BAILEY: Oh, I’m literally around the corner from you. Literally, I’ve come into Claridge’s Hotel and checked in for an hour just to have a Zoom.
WALLER-BRIDGE: Oh, god. That’s so chic. Jonny, I want all of your secrets.
BAILEY: I feel like you’ve got quite a few of them already.
WALLER-BRIDGE: I do, actually. And we’re not going to talk about any of those. But I did also get to do a little bit of research on you.
BAILEY: Oh, god. What have you got?
WALLER-BRIDGE: Jonathan Stewart Bailey, I’d like to jump straight in with the fact that the first professional job you had was playing a teardrop, or a raindrop?
BAILEY: There were teardrops, but yeah, I was playing a raindrop.
WALLER-BRIDGE: You were a crying raindrop.
BAILEY: A crying raindrop in Noah’s Ark.
WALLER-BRIDGE: And how old were you then?
BAILEY: I think I was about 5 going on 29. I was really upset because it didn’t rain.
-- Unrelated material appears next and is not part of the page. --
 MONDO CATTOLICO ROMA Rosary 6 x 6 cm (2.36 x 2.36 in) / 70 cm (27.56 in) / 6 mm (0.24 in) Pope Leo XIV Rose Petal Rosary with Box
The bitch that played Noah, she forgot the cue for the rain to come. So my dance didn’t make it, but at the end of the show they allowed me to do it once everyone had applauded.
WALLER-BRIDGE: I asked you that specifically because you’ve also said that your grandmother took you to see a production of Oliver in London and that’s what changed everything.
WALLER-BRIDGE: So was the raindrop before or after that? I am getting to something, I promise.
BAILEY: I think it was probably afterwards. I was really young when I went to see Oliver.
WALLER-BRIDGE: I’m interested because I read that seeing it made you decide you wanted to perform. Can you tell me the specific thing that made it click?
BAILEY: I’ll tell you, the most bizarre thing is that I had three seasons at the RSC under my belt by the age of nine. There was a moment where I played Prince Arthur, the kid in Shakespeare who gets his eyes gouged out and has to escape a turret. I remember doing that production and thinking I was aware of the power of words, if that makes sense. You’re so porous at that age, I think. It is such a gift, isn’t it, to be shown what iambic pentameter is.
WALLER-BRIDGE: Do you still feel passionate about Shakespeare now?
BAILEY: I do, actually. It’s my dirty, filthy habit.
WALLER-BRIDGE: Your dirty little habit. I know what you mean, though, how if you come to it quite raw, and it’s not something that you’ve had shoved down your throat at school, there is nothing more epic and spectacular.
BAILEY: And being around people who are just so committed to their vocation, whether they’re writing or creating. The smell backstage at the RSC at the Barbican was like cigarettes, stage makeup, Joe Fiennes, and hope.
WALLER-BRIDGE: That’s a lot of beautiful smells you’ve got going on there.
BAILEY: I know. Talk about top notes and bottom notes. I was like, “These men, these titans of theater!”
WALLER-BRIDGE: That’s extraordinary that you were exposed to that kind of level of professionalism. Because you are consummately professional, and I remember that. You have this incredible ability to be completely live and spontaneous and wild at the same time as being so incredibly professional, and that’s why working with you felt totally safe. I know that I’ve got a professional actor coming today, but I have absolutely no idea what’s going to happen because you still managed to keep that spontaneity and danger.
BAILEY: I suppose it’s sometimes dangerous. Today I had to do an interview. Crashing came up and I described working with you as being on the constant edge of an orgasm and also hysteria.
WALLER-BRIDGE: It did have a kind of wild, beautiful energy.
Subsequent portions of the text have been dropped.